*Brief*.
Give the lines again exactly as they appear, from the first line of the listing through the line containing "1925 Balzac Ct, Redding, CA 96003 photo 5", and omit every picture.

╭─ Supplied entries

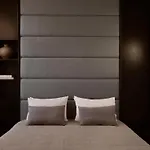 Amyth Of Hotel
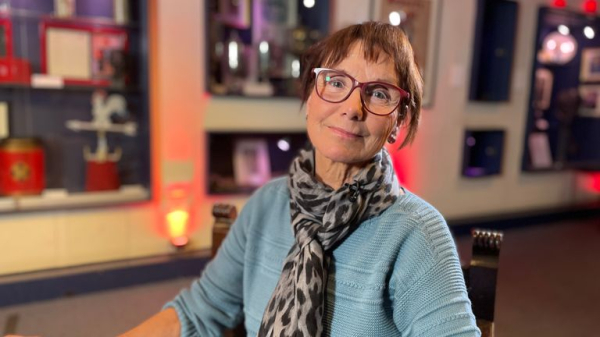 Woman who faked being a man to get into Magic Circle finally allowed in Woman who faked being a man to get into Magic Circle finally allowed in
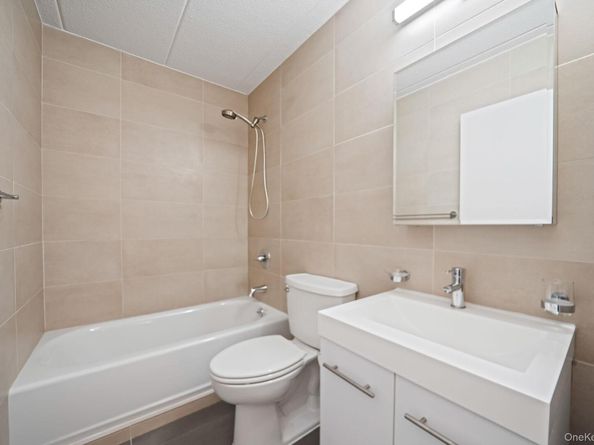 213-02 42nd Avenue 2A, Bayside NY 11361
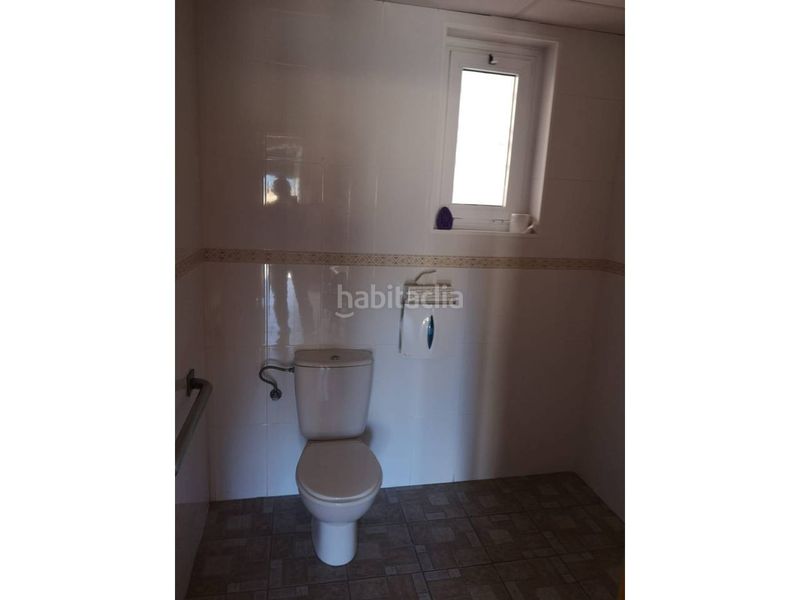 Foto d2468ca5-f17b-475f-8b36-e636e1dafc40. Local comercial a Zona Nord Alcoi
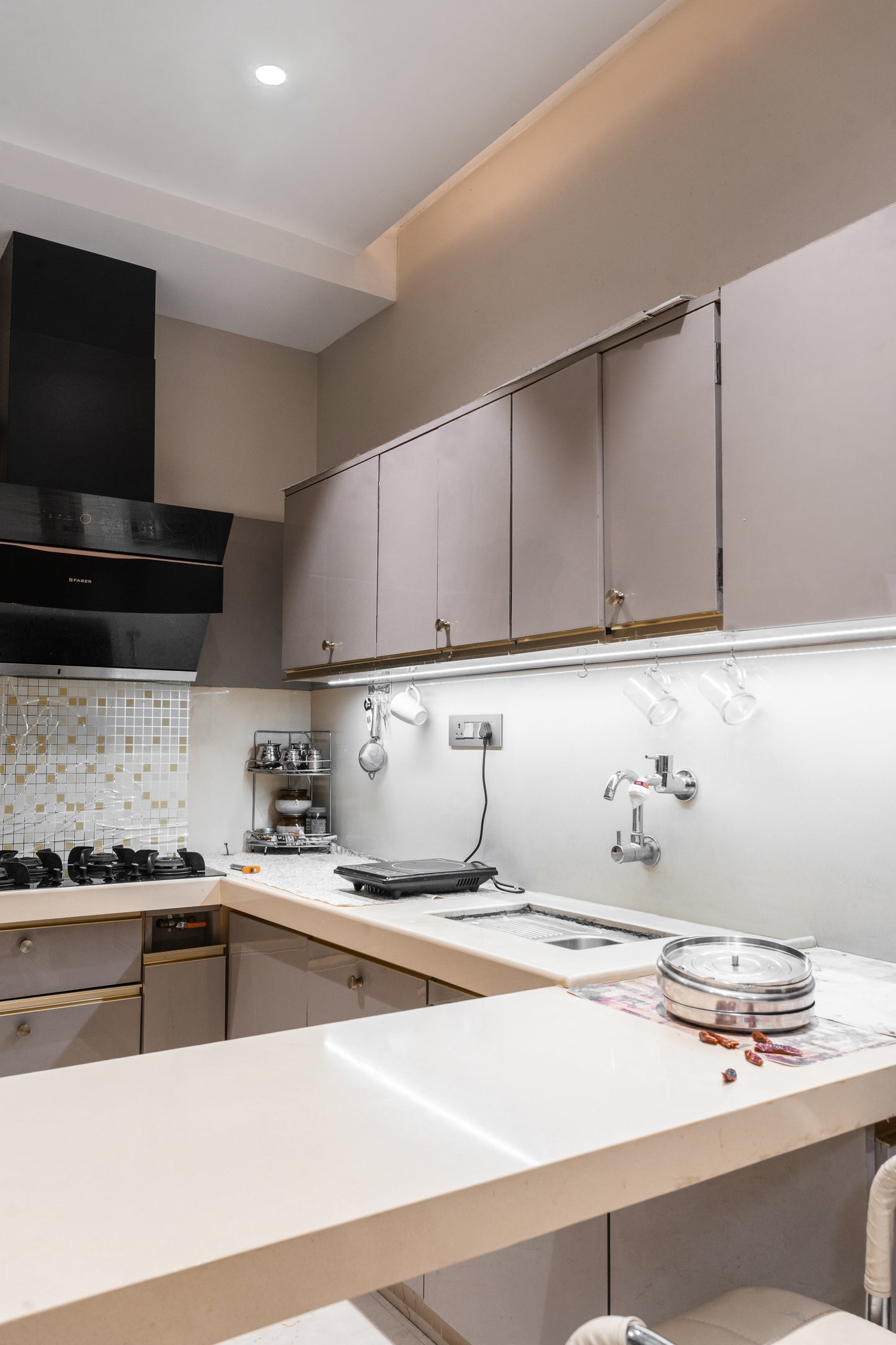 Serene Welcome - Modular Kitchen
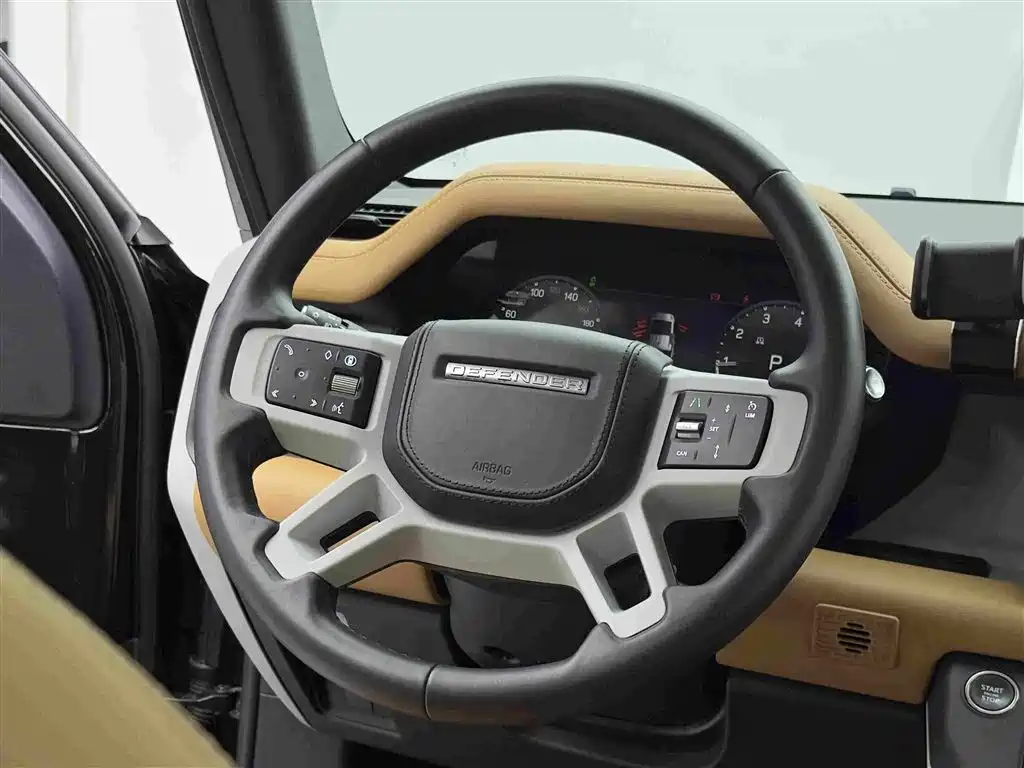 Land Rover Defender 2024 — фото 12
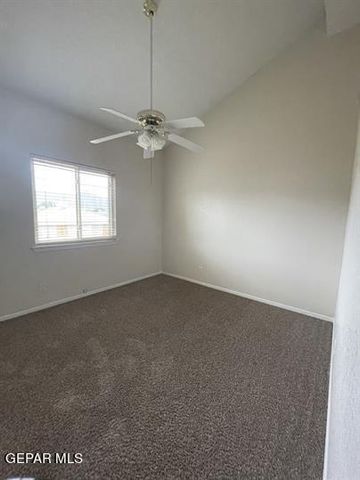 5225 ROGER MARIS Drive, El Paso, TX 79934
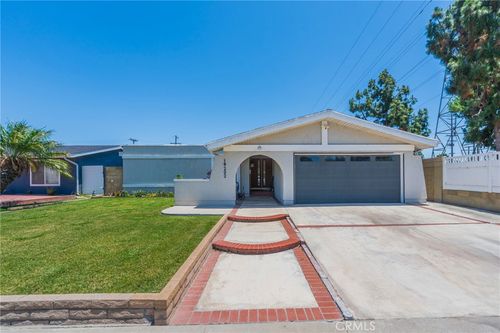 19202 Hickory Ln, Huntington Beach, CA, 92646-2745 | Card Image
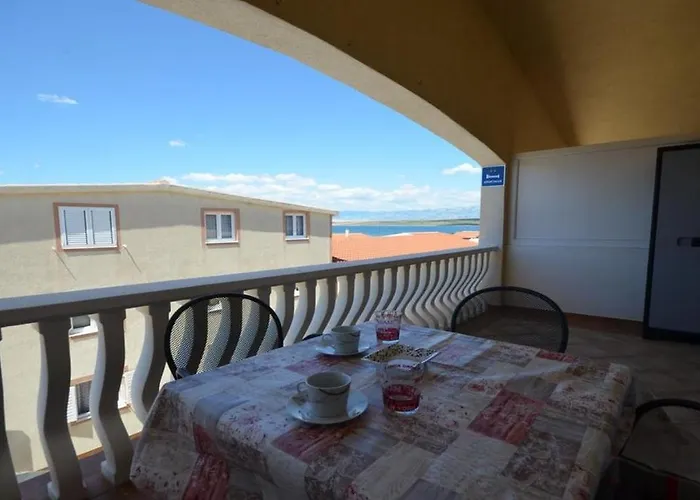 Appartement Lanterna 100 Meters From The Sea - By Ta Leut Agency Vir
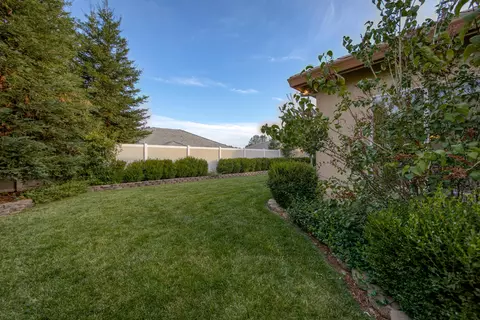 1925 Balzac Ct, Redding, CA 96003 photo 5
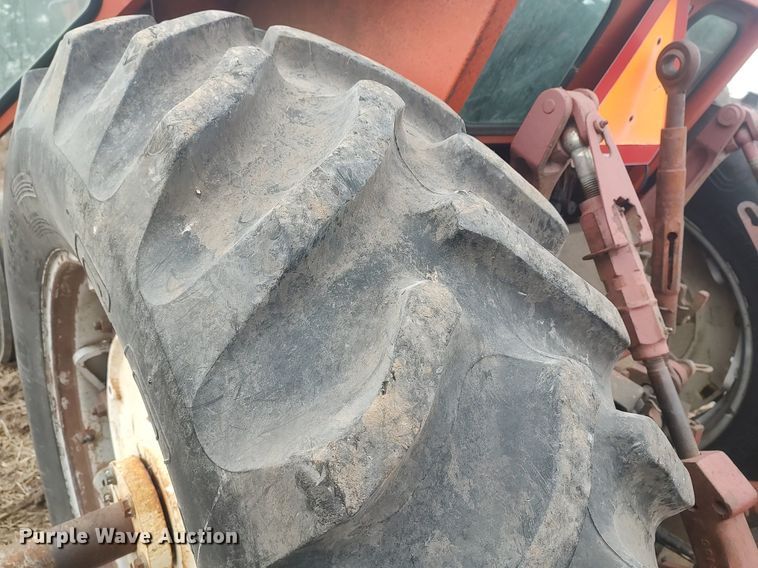 image for item DO3750 Allis Chalmers 7030  tractor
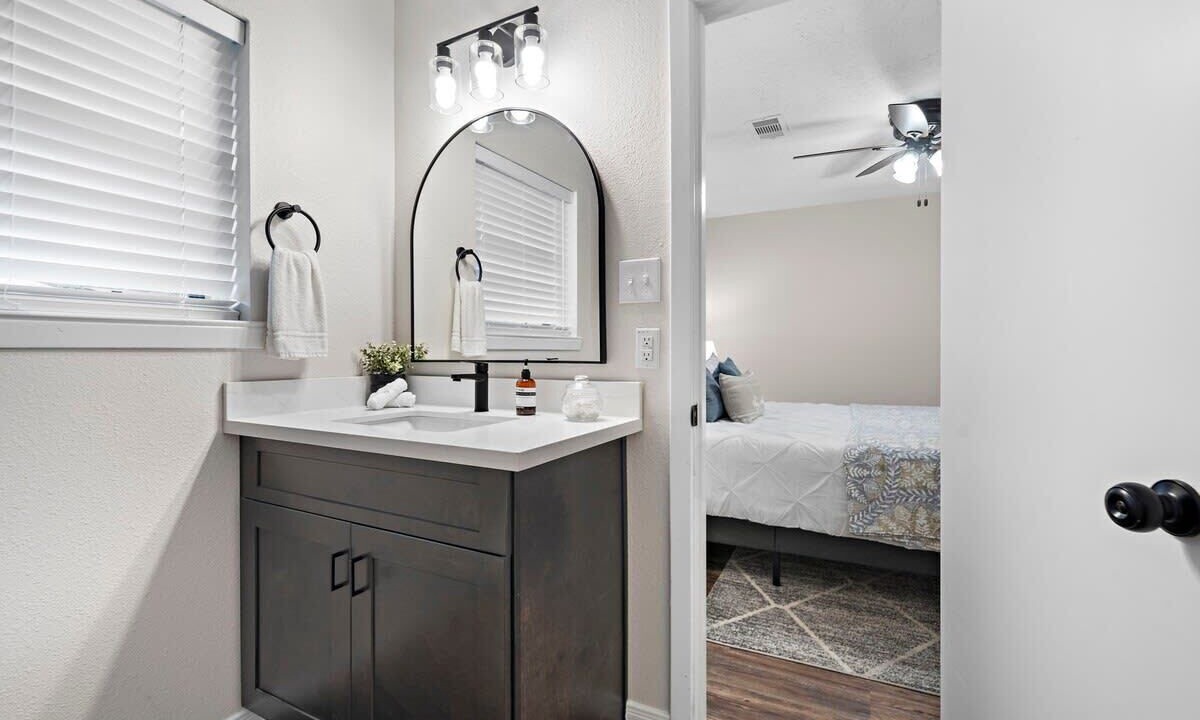 Photo of Bathroom in Deer Park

╰─

*Response*.
 Amyth Of Hotel
 Woman who faked being a man to get into Magic Circle finally allowed in Woman who faked being a man to get into Magic Circle finally allowed in
 213-02 42nd Avenue 2A, Bayside NY 11361
 Foto d2468ca5-f17b-475f-8b36-e636e1dafc40. Local comercial a Zona Nord Alcoi
 Serene Welcome - Modular Kitchen
 Land Rover Defender 2024 — фото 12
 5225 ROGER MARIS Drive, El Paso, TX 79934
 19202 Hickory Ln, Huntington Beach, CA, 92646-2745 | Card Image
 Appartement Lanterna 100 Meters From The Sea - By Ta Leut Agency Vir
 1925 Balzac Ct, Redding, CA 96003 photo 5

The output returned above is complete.